Of note, an important advantage of the aforementioned databases is the use of toolboxes to evaluate low-level image features (such as luminance, contrast, color). Yet, they lack an evaluation of three key variables within picture databases, i.e., name agreement, familiarity, and visual complexity, which, in a recent review, have been identified as some of the most commonly validated variables in object picture databases (Souza et al., 2020). The same is the case for some scene databases available (e.g., Greene, 2013; Jiang et al., 2022; Konkle et al., 2010; Saraee et al., 2018; Xiao et al., 2010). In a survey with eight subjective judgments about images, Shir et al. (2021) inspected the visual complexity of the pictures (i.e., “How visually complicated is the image?”), though it is possible that visual complexity (i.e., the amount of visual detail present within the image) may be confounded with the complexity of the action being portrayed (which may depend on sensorimotor integration and social understanding skills).

To the best of our knowledge, no database to date has presented normative data for semantic congruency ratings between objects and scenes presented as separate pictures, i.e., without the object embedded in the scene. Furthermore, although there are numerous databases of object pictures, there is a lack of normative studies of scene pictures alone, and particularly scene databases validated for the same variables as most object databases. Moreover, several of the scene pictures available include actions, human faces, or letters which may induce attentional bias towards these elements, constituting potential confounds. We took these methodological limitations into consideration and attempted to overcome them in the current study.

Implications for and application to human cognition

For decades, object and scene pictures have been used to study a wide range of mnemonic processes. Often, these studies produce stimuli anew, rather than taking advantage of existing databases. This is problematic, as materials vary considerably across studies and on many occasions the stimuli are not adequately normed, increasing the chances of confounding effects.

For research fields such as perception, visual search, or object recognition, it is certainly useful to have scene databases available that include the target object as part of the background image, i.e., embedded in the scene (as in the databases cited above). However, for memory research this might create confounds between perception and memory processing. This concern becomes evident, for example, in the vastly investigated effect of context on item memory retrieval (e.g., Boyce & Pollatsek, 1992; Hayes et al., 2007; Hollingworth, 2006; Mandler & Johnson, 1976; Ngo & Lloyd, 2018; van Kesteren et al., 2013). Since the main goal is to study memory (and not perception or object recognition), it is important to ensure that participants do not waste encoding time in visual searching, looking for the target object in a naturally complex scenario. Besides, it is recommended that, across trials, participants spend the same amount of time encoding the items. Importantly, the literature has consistently shown that object recognition is impaired when objects are embedded in a coherent or congruent scene (Bar, 2004; Davenport & Potter, 2004; Murphy & Wisniewski, 1989; Spaak et al., 2020), which is problematic when investigating item or context memory for congruent versus incongruent object–scene pairs.

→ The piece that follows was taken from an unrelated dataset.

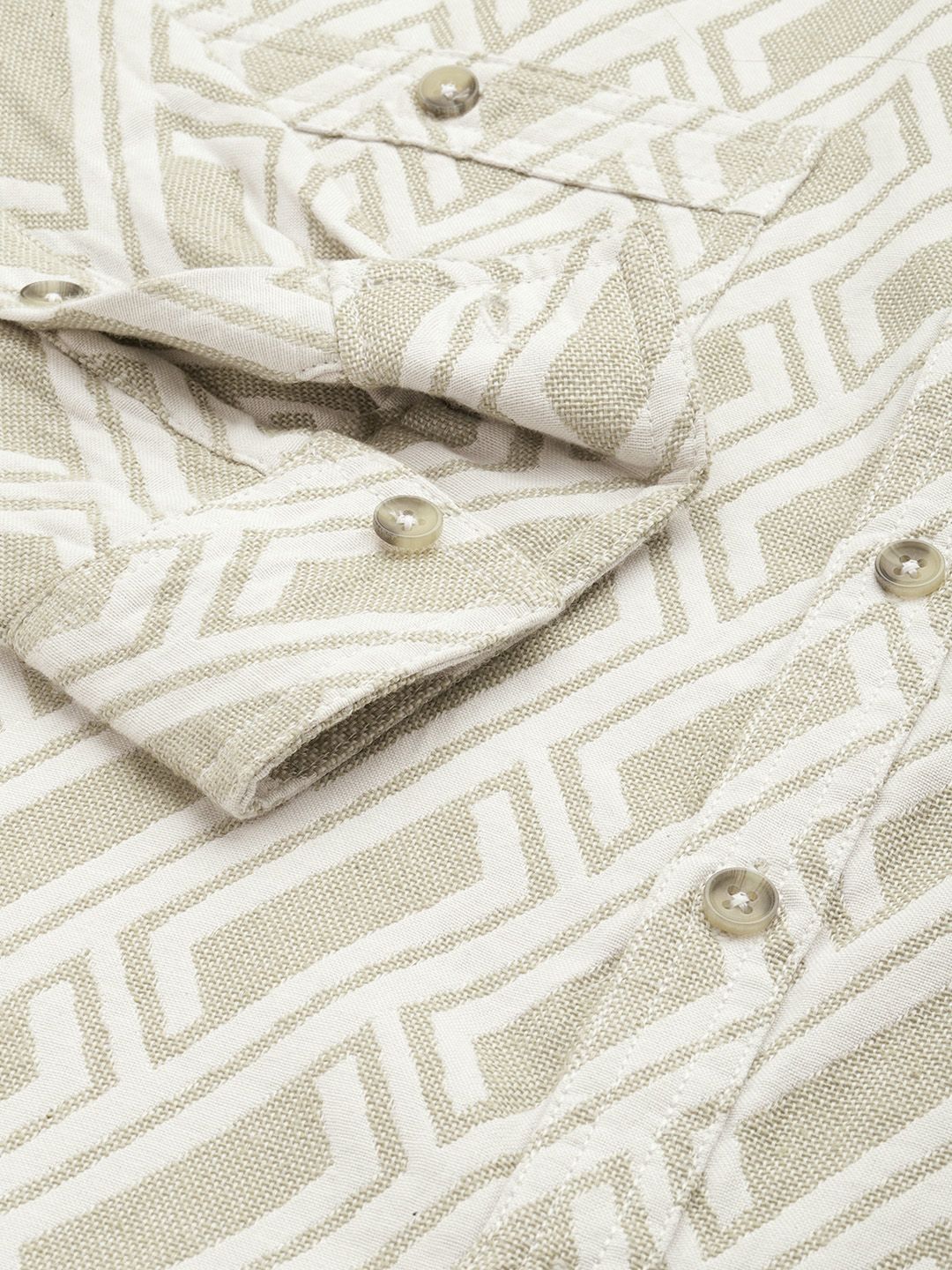 Men's Green Relaxed Fit Textured Casual Shirt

These concerns might explain why an object–scene configuration with the target object embedded in a background scene is rarely used in memory research. Instead, most frequently, researchers have used two separate images: one for the target object and another one for the scene. The preferred object–scene configuration has been the image of an object in a white background superimposed in the context scene (e.g., Fandakova et al., 2017; McAndrews et al., 2016; Sastre III et al., 2016; Selmeczy et al., 2019; Wang et al., 2018). Sometimes, an object image without background is digitally inserted in the scene, but in those cases the target object is very salient (e.g., Hayes et al., 2007; Ngo & Lloyd, 2018). Alternatively, the object and scene pair are displayed side by side (e.g., Brod & Shing, 2019; van Kesteren et al., 2013), which allows the rapid identification of the items that participants must attend to during encoding and subsequent retrieval.

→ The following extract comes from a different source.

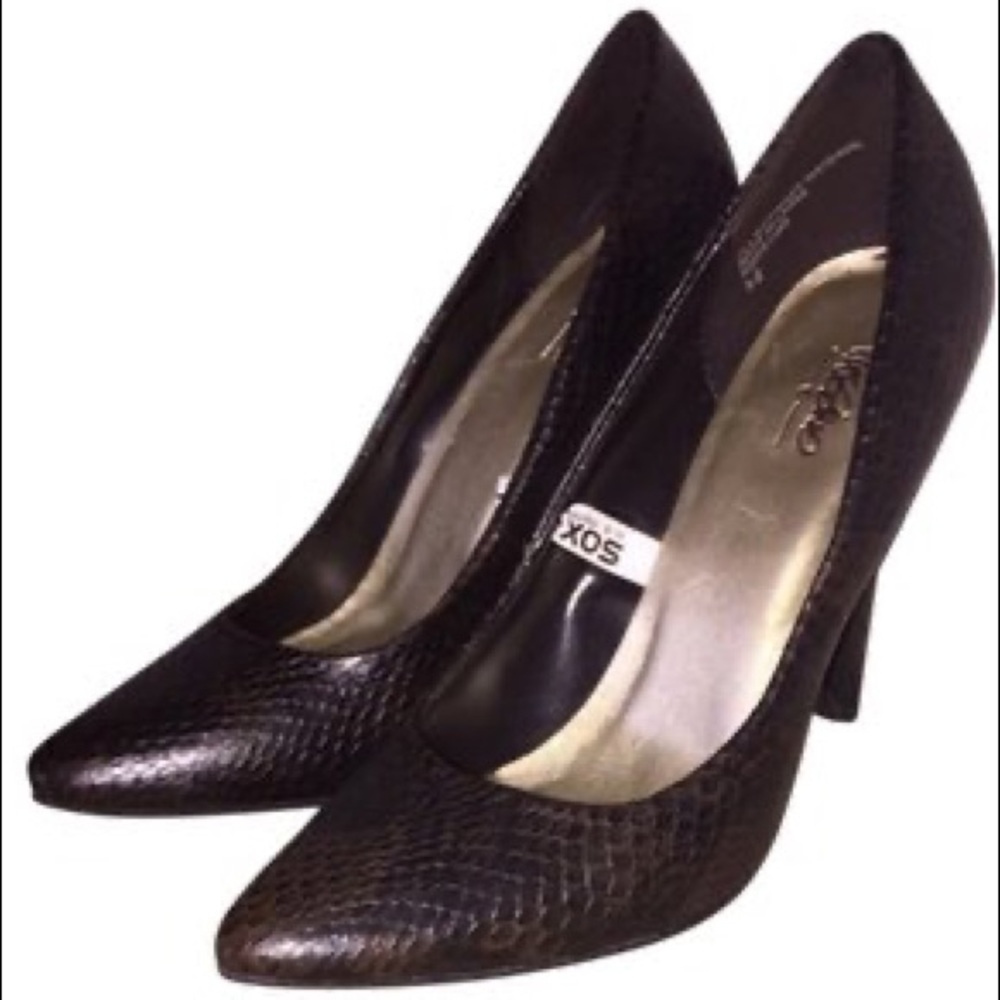 Brown Faux Snakeskin Heels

Another cognitive domain that can benefit from validated stimuli of objects and scenes presented separately is language. Pictures of objects are frequently used in the visual world paradigm and in word–picture verification tasks in psycholinguistic studies. As pointed out by Henderson and Ferreira (2004), scene perception is also crucial for language research to investigate how the visual world is perceived and how it bears on language processing. In fact, recent evidence has revealed that, in a sentence–picture verification task, participants’ recognition of the target picture depends on the semantic similarity between the scene evoked by the sentence and the scene presented in the picture (Horchak & Garrido, 2022). Thus, the current database should be of interest for language comprehension studies.

Present study

The current study presents a systematic validation of real-world pictures of objects and scenes, as well as their semantic congruency. It adds to the existing datasets of naturalistic object and scene images, making two main contributions: (1) creating a database of object and scene pictures, normed for the same variables, thus offering comparable measures for both types of pictures; (2) providing normative data for the semantic congruency between the objects and the scenes that are presented separately (rather than embedded). In this way, the objects and the scenes can be used more flexibly, in isolation or combined. The images can also be employed in studies that aim to disentangle the processing of the object and its context (the scene), while manipulating their relationship, a key feature in memory and language research.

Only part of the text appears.